2D and 3D numerical simulation of the wind-rotor/nacelle interaction in an atmospheric boundary layer

Two-dimensional axisymmetric and three-dimensional steady turbulent flow computations around two horizontal-axis wind turbines (Nordex N80 and Jeumont J48) are carried out to investigate the wind-rotor/nacelle interaction and quantify its effects on the wind speed at the nacelle anemometry. The actuator disk concept has been used to model the action of the blades. For both turbines, the geometry of the nacelle was reproduced as faithfully as possible. The terrain was represented by an appropriate law of the wall to account for roughness with particular attention paid to the boundary conditions in order to reproduce the neutral atmospheric boundary layer. The calculated velocity field in the vicinity of the nacelle exhibits good agreement with available experimental data. The results also show that for a complex nacelle geometry, like that of the N80, a three-dimensional calculation is necessary to obtain a good prediction of the velocity field in the near wake. The hub height effect is evaluated for the J48 by raising the nacelle from a height of 36 to 60 m.
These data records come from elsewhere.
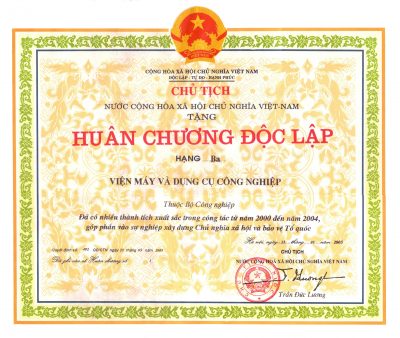 Huan chuong Doc lap 3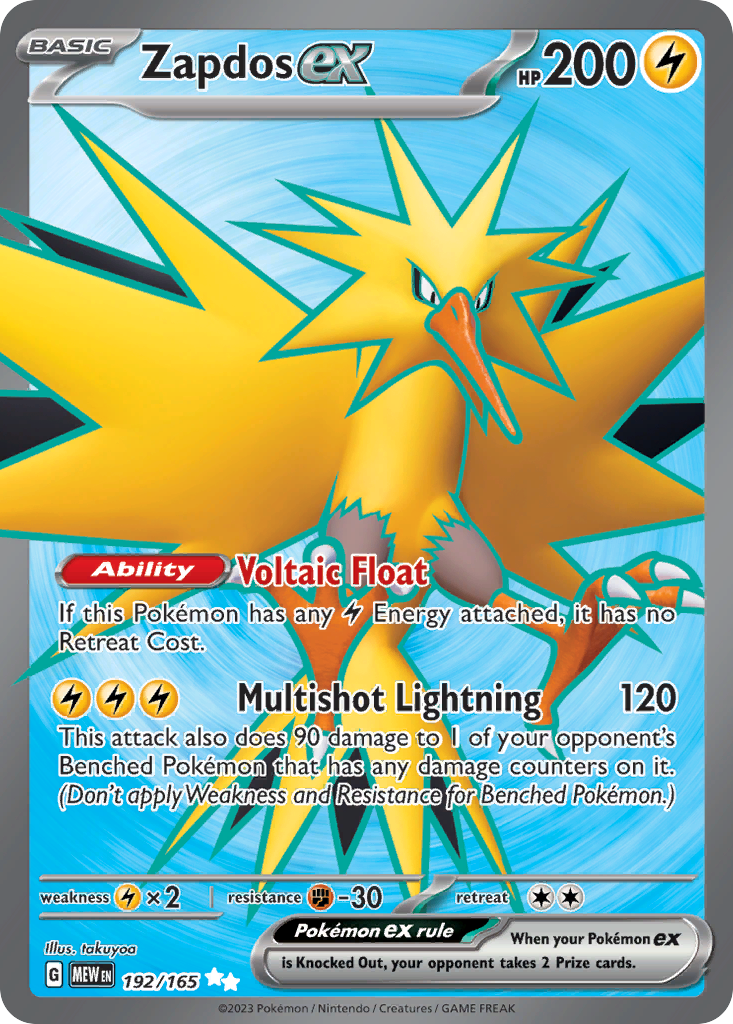 Zapdos ex (192)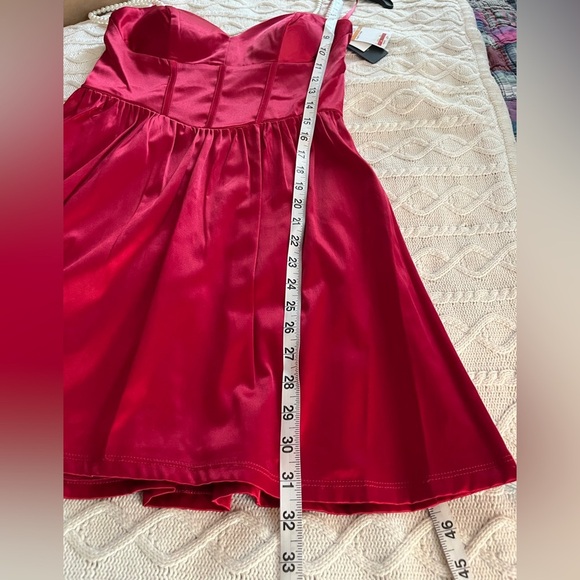 NWT City Studio Gorgeous satin “party pink” color mini dress. Juniors 3/4 - Picture 2 of 15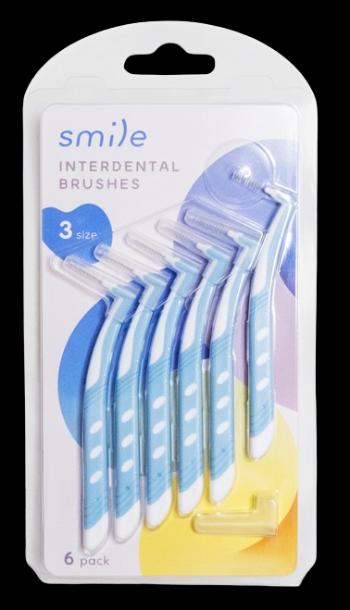 SMILE medzizubné kefky 0,6 mm - vhodné pre rovnátka 6 ks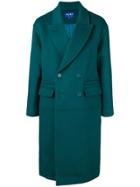 Ader Error Double-breasted Coat - Green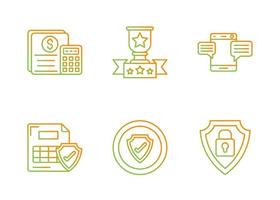 Banking Vector Icon Set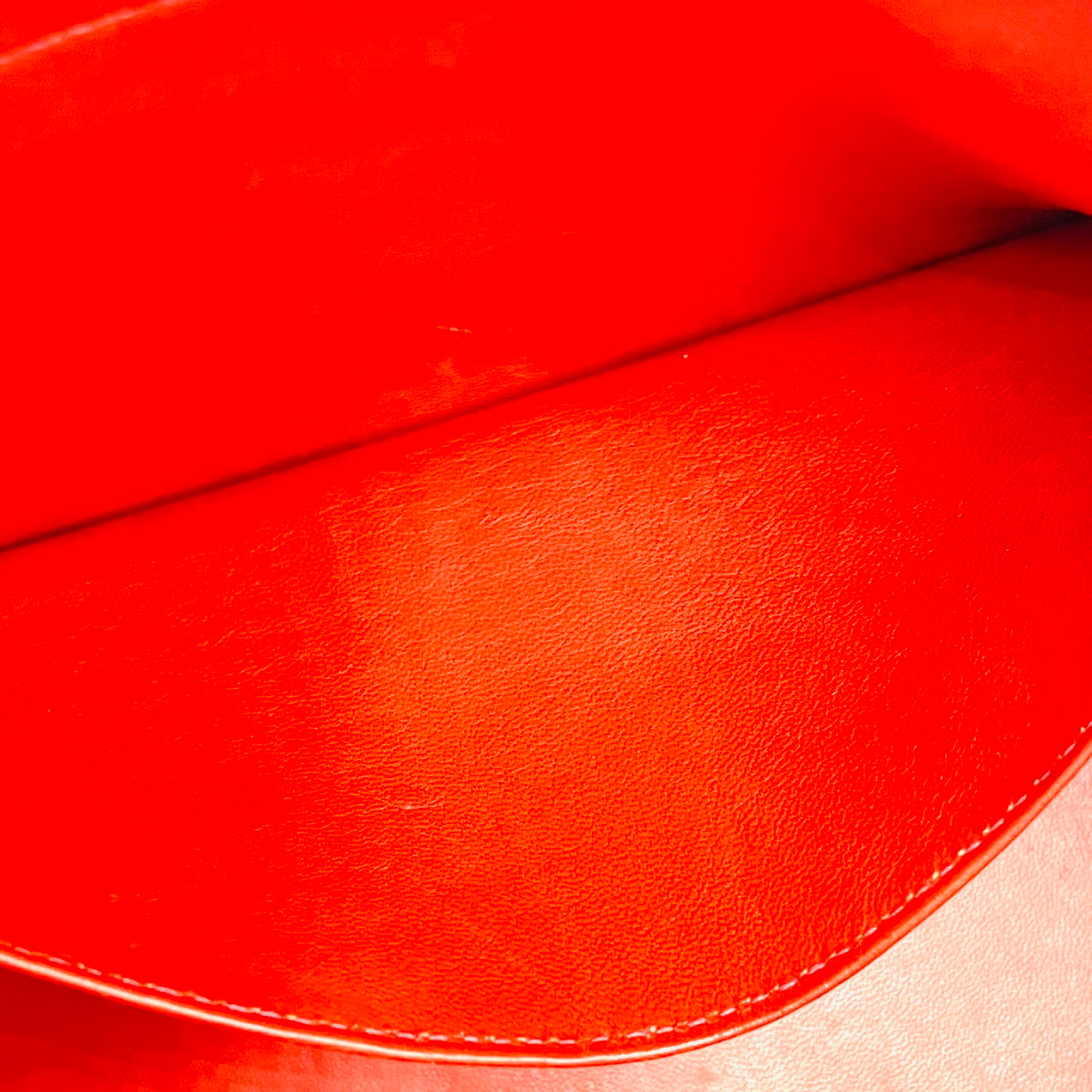 Hermes Bollide Handbag Red Leather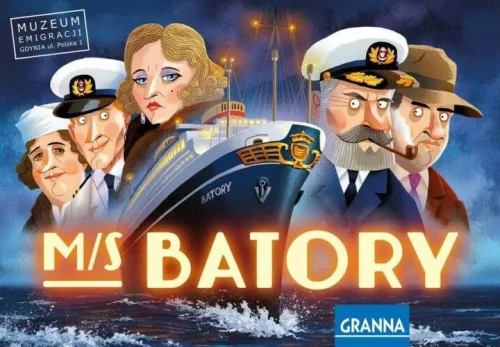 M/S Batory társasjáték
No significant impact is noted on the ratio nacelle wind speed/freestream wind speed.

► In this study a turbulent flow near wind turbine is simulated.
► The nacelle is represented in the grid and the rotor is approximated by an actuator disk.
► A 3D simulation is recommended for complex nacelle geometry.
► The results at the nacelle anemometer location are improved using k–ω sst turbulence model instead of the classic k–ε.
► The hub height variation has no significant impact on the ratio Unacelle/U∞.